Tuesday, 27 May 2014

Shoe-related anxiety syndrome

This is partly a review of my Gipsy Dharma boots, which arrived yesterday, and partly an exposition of what I have just realised is a major issue of mine relating to buying new shoes. You see, most other clothes I'm good with - I buy nice clothes and feel good in them without feeling like I'm doing something wrong by buying them (unless they might have been made in a sweatshop, in which case my ethical discomfort is related not to the clothes themselves, but the conditions which my money is helping to create, and is therefore justified). But with shoes, I have this weird thing where if I buy a pair of shoes that I really love, but are not actually useful in any way, I feel really guilty - even if there's nothing to feel guilty about. I've decided to call it Shoe-Related Anxiety Syndrome, or SRAS.

I'm pretty sure I can track it down to this story by Hans Christian Anderson. I'm not sure quite what he was trying to teach little girls when he penned this one, but to my young and impressionable mind it meant one thing: if you like shoes (especially red ones) you must be a pretty bad person, and you'll probably get your feet chopped off. In fact, I do have a pair of red high heels, with bows on them, which I got from the op shop - and every time I wear them, this story comes to my mind especially strongly.
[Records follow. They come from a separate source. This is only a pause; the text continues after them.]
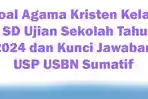 75-Soal-Agama-Kristen-Kelas-6-SD-Ujian-Sekolah-Tahun-2024-dan-Kunci-Jawaban-USP-USBN-Sumatif.jpg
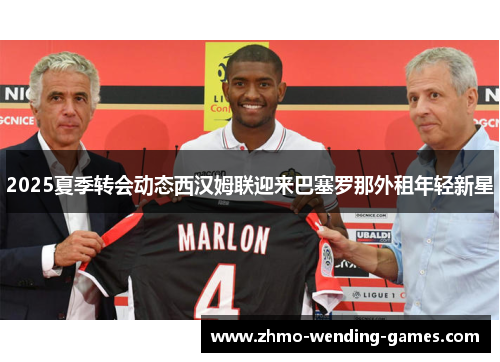 2025夏季转会动态西汉姆联迎来巴塞罗那外租年轻新星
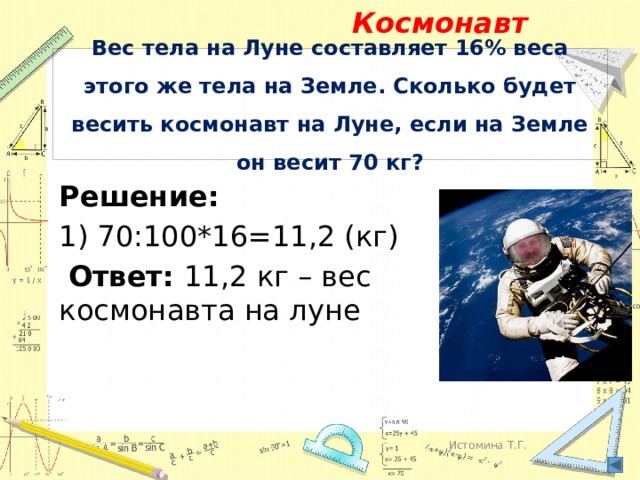 Космонавт Вес тела на Луне составляет 16% веса этого же тела на Земле. Сколько будет весить космонавт на Луне, если на Земле он весит 70 кг? Решение: 1) 70:100*16=11,2 (кг)  Ответ: 11,2 кг – вес космонавта на луне Истомина Т.Г. 
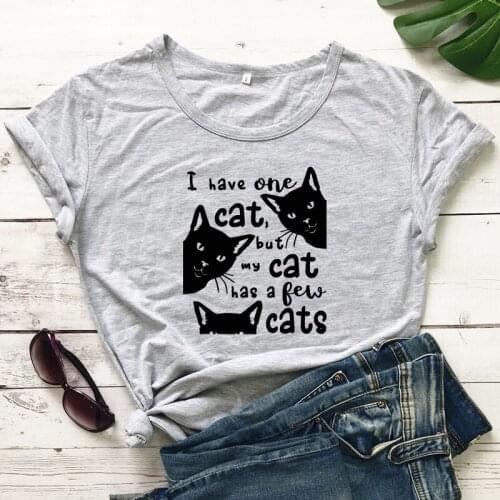 I Have One Cat But My Cat Has A Few Cats T-shirt Funny Cat Mom Gift Tshirt Women Short Sleeve Hipster Graphic Tee Top
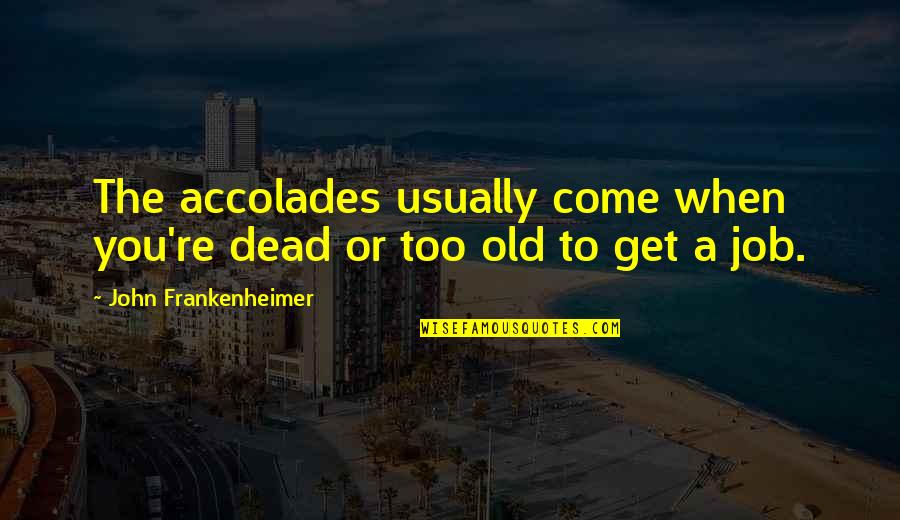 Old John Quotes By John Frankenheimer: The accolades usually come when you're dead or Old John Quotes By John Frankenheimer: The accolades usually come when you're dead or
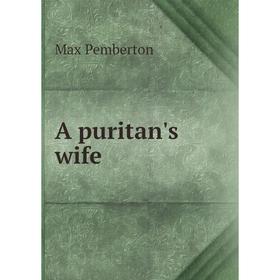 

Книга A puritan's wife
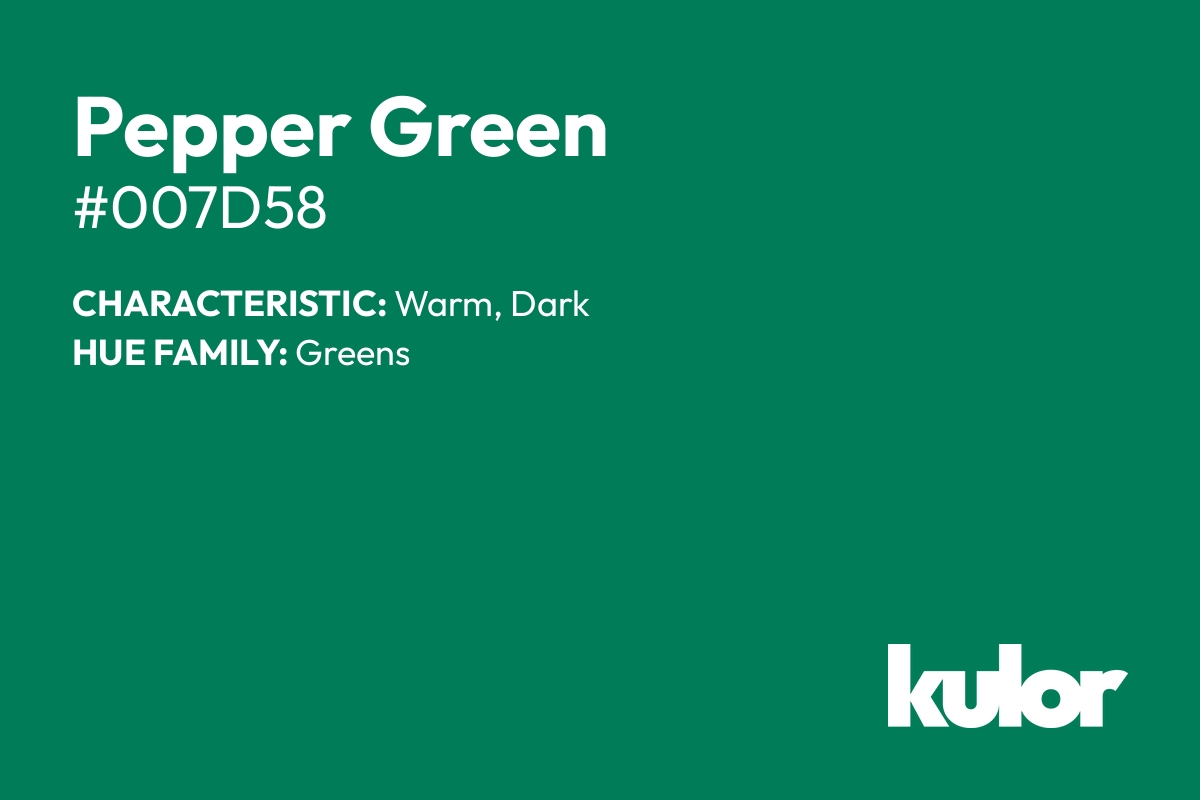 Pepper Green is a color with a HTML hex code of #007d58.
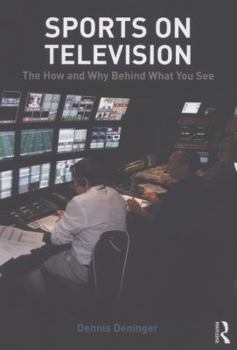 Paperback Sports on Television: The How and Why Behind What You See Book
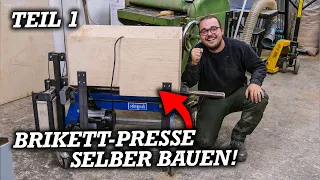 ICH SETZE MEINEN PLAN UM! BRIKETTPRESSE AUS LIEGENSPALTER SELBER BAUEN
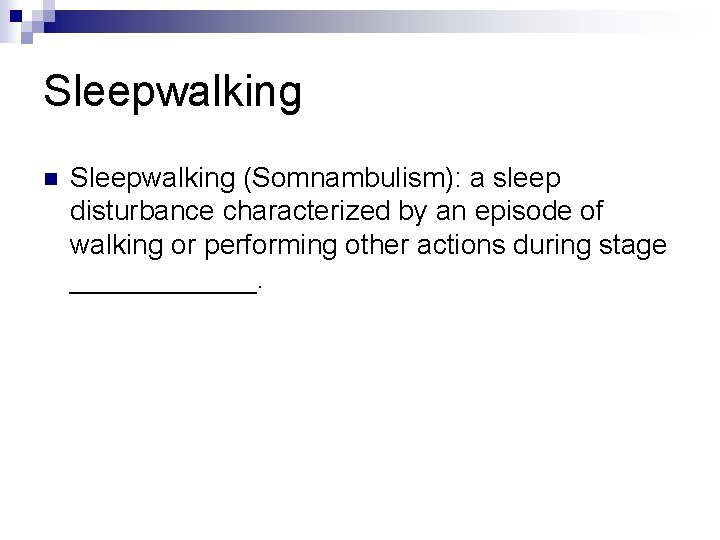 Sleepwalking n Sleepwalking (Somnambulism): a sleep disturbance characterized by an episode of walking or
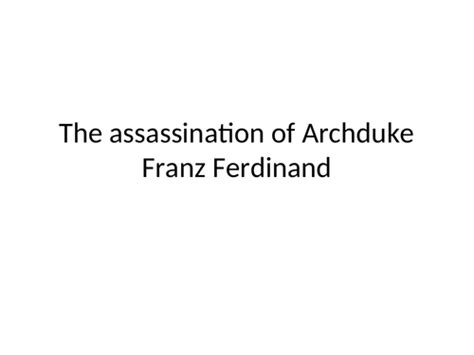 The Assassination Of Archduke Franz Ferdinand Teaching Resources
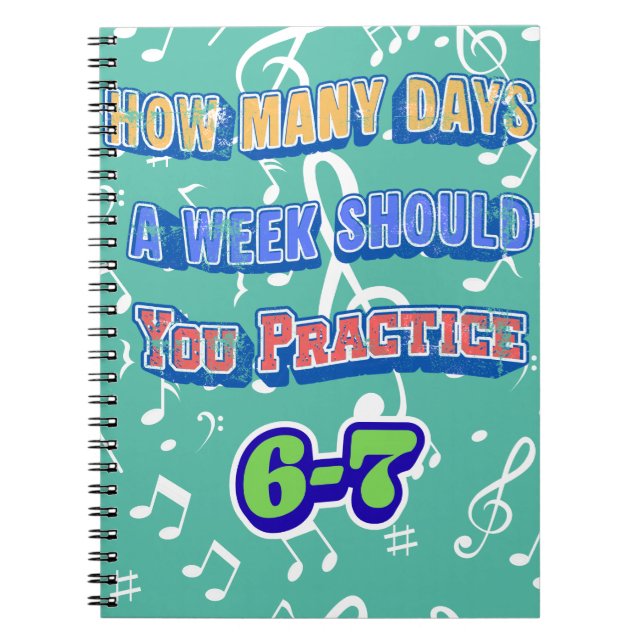 How Many Days A Week Should You Practice Notebook (Front)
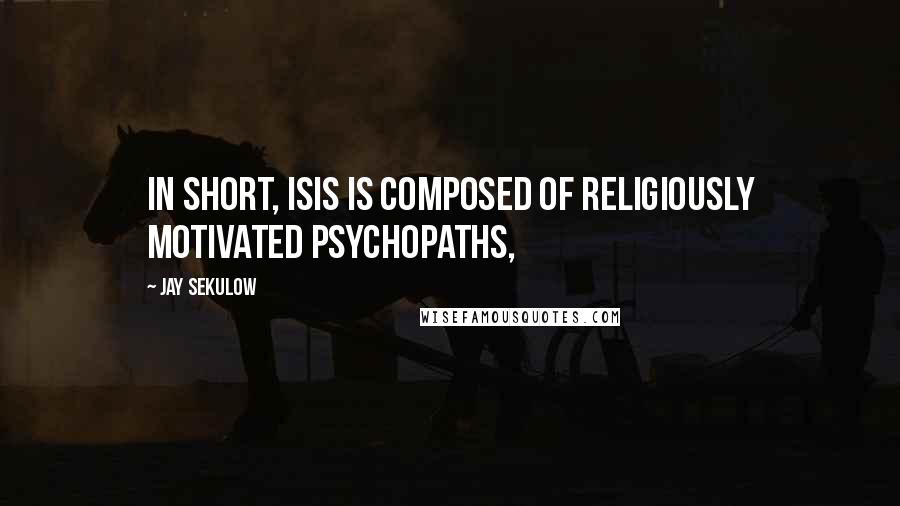 Jay Sekulow Quotes: In short, ISIS is composed of religiously motivated psychopaths,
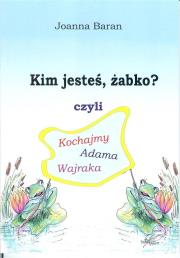 Kim jesteś żabko czyli kochajmy Adama Wajraka. Autor: Joanna Baran. Dadada.pl Okładka książki Kim jesteś żabko czyli kochajmy Adama Wajraka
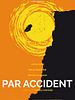 Poster der Par accident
Anyhow, I had been coveting these amazing specimens ever since a friend of mine tipped me off to the Gipsy Dharma label.
Now, these boots have a lot of things going for them: for a start, they aren't red; they are also handmade from sustainably sourced leather; and the woman who started the company is the same woman who makes the shoes (as far as I am aware) - so no sweatshop! But, unfortunately, they are fairly expensive (because of the fact that they're hand made), and so not only my shoe-guilt but my innate stinginess stopped me from buying them straight away.

After my husband spent a fairly large amount of money on squash racquets and shoes, I finally decided, after much angst, that I was justified in buying them. To make room for them in my wardrobe (and to stave off the feeling of being horribly vain), I pared down my shoe collection by giving most of my boots and the heels I no longer wear to goodwill. Yesterday the precious boots arrived, prompting first a gleeful dance followed by an Ecclesiastes-style bout of existential guilt:

I denied myself nothing my eyes desired;
    I refused my heart no pleasure.
My heart took delight in all my labor,
    and this was the reward for all my toil.               Yet when I surveyed all that my hands had done
    and what I had toiled to achieve,
everything was meaningless, a chasing after the wind;
    nothing was gained under the sun.     (Ecclesiastes 2:10-11)
 However, I must report that these boots are definitely worth the money. They are incredibly comfortable as well as being beautiful. The leather is sheer, flexible, and warm-but-not-too-warm. They really do feel like a second skin - and I anticipate that this feeling will only grow as the leather wears in and moulds more to my leg. My SRAS will be somewhat mitigated by the fact that they are fairly practical shoes - sure, you can't go bush walking in them, but they are comfortable and pretty sturdy, so they can be used as regular everyday footwear.

One warning: if you purchase a pair which are, like mine, knee-high or taller, prepare to spend at least half a day figuring out the laces, which must be loosened all the way down and then re-tightened so that they fit your leg perfectly. My husband did most of the work on mine, and although I can now wear them, we still want to "fine-tune" the laces so that they are just right and as beautiful as they can be. I imagine the ankle boots are probably a bit easier to handle.

I will definitely be wearing these puppies A LOT (in fact, I'm wearing them right now, with my pajamas).

Now I just have to shake the subconscious fear that I won't be able to take them off again...

Oh and PS did I mention she does giveaways?

1 comment:

  1. What amazing writing. Please write a book or many books so we can all read a novel by Saskia Scott.